START DATASET RECORDS

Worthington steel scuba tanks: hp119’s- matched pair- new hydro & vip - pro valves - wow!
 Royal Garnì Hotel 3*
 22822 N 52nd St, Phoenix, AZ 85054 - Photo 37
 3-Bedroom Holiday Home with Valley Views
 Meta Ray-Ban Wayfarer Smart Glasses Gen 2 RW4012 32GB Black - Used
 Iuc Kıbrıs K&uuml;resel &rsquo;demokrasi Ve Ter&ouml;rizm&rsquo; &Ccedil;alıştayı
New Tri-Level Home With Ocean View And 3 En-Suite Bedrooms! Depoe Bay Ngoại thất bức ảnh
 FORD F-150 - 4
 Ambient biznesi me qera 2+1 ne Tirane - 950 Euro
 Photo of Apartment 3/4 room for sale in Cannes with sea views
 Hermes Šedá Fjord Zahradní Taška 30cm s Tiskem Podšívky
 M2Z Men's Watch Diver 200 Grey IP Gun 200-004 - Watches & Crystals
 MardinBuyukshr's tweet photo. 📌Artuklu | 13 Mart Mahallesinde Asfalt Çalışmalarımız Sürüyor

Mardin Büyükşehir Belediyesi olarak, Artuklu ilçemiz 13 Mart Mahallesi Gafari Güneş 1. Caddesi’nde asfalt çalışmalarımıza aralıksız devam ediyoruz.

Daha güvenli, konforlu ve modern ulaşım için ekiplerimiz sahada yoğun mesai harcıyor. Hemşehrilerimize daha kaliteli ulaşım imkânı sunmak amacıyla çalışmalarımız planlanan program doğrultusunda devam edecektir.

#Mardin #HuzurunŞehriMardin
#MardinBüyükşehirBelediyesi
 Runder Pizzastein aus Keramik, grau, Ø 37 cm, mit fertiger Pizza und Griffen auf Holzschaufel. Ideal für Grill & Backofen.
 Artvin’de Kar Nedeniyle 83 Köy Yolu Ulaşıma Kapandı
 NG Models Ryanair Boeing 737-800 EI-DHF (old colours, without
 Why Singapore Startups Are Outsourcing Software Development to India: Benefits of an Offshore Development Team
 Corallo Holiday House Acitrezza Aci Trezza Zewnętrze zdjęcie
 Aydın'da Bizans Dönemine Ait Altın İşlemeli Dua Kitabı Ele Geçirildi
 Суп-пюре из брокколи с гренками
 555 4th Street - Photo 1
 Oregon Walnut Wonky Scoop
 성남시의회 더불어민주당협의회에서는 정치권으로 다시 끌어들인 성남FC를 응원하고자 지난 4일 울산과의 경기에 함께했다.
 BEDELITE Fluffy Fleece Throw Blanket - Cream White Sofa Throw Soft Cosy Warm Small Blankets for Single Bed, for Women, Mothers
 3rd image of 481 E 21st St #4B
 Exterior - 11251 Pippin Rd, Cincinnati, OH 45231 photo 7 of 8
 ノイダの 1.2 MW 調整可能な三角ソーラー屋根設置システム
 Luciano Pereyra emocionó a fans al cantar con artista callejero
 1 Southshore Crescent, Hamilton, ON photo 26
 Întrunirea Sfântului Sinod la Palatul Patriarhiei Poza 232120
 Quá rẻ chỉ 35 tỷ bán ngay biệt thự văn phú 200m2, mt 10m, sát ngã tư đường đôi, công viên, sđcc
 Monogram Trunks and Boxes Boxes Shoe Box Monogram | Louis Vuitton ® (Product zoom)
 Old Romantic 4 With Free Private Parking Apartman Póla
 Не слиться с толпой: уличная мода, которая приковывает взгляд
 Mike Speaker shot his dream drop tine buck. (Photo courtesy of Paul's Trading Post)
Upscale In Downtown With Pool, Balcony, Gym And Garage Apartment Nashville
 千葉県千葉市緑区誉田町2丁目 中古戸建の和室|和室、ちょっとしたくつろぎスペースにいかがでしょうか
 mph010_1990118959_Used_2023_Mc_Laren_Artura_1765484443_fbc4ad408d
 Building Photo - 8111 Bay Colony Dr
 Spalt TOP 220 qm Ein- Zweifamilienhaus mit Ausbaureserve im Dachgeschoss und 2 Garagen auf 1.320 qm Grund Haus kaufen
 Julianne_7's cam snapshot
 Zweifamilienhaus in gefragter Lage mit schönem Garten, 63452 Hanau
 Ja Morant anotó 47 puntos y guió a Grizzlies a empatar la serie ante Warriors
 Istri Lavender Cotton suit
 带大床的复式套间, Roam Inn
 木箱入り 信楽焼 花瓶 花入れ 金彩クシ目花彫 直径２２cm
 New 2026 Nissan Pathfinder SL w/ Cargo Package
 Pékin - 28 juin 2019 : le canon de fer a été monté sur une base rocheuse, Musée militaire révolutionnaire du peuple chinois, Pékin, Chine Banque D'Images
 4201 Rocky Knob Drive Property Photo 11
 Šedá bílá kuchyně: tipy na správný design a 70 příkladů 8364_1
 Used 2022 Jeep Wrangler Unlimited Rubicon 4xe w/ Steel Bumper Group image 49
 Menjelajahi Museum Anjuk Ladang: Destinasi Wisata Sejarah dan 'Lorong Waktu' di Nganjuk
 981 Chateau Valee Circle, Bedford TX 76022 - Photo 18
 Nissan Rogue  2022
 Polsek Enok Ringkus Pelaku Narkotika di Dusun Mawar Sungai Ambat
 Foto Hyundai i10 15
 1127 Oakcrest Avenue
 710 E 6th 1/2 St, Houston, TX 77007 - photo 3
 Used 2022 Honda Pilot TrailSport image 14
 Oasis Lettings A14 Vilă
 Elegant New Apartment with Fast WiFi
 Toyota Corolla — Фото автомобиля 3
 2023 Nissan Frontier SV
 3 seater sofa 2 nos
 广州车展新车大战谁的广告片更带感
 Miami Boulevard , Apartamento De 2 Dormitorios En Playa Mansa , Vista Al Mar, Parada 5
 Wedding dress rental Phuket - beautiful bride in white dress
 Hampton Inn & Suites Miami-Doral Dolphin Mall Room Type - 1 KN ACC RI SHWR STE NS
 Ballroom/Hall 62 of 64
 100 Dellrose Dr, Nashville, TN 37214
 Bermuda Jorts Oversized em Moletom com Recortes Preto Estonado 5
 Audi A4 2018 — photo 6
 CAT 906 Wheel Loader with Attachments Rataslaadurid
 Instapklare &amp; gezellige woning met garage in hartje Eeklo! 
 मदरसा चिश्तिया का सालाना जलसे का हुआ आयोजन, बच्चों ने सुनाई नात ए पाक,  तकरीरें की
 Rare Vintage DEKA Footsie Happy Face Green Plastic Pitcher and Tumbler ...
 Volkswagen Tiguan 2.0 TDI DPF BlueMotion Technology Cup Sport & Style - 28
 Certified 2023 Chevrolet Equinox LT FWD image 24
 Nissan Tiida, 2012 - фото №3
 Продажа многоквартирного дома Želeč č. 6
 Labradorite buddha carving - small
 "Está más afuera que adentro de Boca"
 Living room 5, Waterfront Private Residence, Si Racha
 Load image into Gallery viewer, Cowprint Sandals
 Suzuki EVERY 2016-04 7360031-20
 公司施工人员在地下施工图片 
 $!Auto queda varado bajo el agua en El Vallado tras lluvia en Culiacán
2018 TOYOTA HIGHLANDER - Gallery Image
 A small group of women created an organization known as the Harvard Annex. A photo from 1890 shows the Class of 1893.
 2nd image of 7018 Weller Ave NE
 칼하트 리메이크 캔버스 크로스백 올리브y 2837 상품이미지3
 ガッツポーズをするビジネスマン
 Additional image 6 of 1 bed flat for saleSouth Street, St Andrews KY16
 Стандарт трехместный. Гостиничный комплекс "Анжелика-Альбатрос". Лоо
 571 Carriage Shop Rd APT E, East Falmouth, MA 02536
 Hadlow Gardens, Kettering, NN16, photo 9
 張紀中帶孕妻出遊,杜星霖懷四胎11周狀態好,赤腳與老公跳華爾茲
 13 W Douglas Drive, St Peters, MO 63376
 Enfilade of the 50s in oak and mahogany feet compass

END DATASET RECORDS

**WHAT IS REQUIRED**
Within the material above, extract exactly the lines that start at the line containing "Wedding dress rental" and stop after the line containing "CAT 906 Wheel", and only those.

**ANSWER FOR THE TASK**
 Wedding dress rental Phuket - beautiful bride in white dress
 Hampton Inn & Suites Miami-Doral Dolphin Mall Room Type - 1 KN ACC RI SHWR STE NS
 Ballroom/Hall 62 of 64
 100 Dellrose Dr, Nashville, TN 37214
 Bermuda Jorts Oversized em Moletom com Recortes Preto Estonado 5
 Audi A4 2018 — photo 6
 CAT 906 Wheel Loader with Attachments Rataslaadurid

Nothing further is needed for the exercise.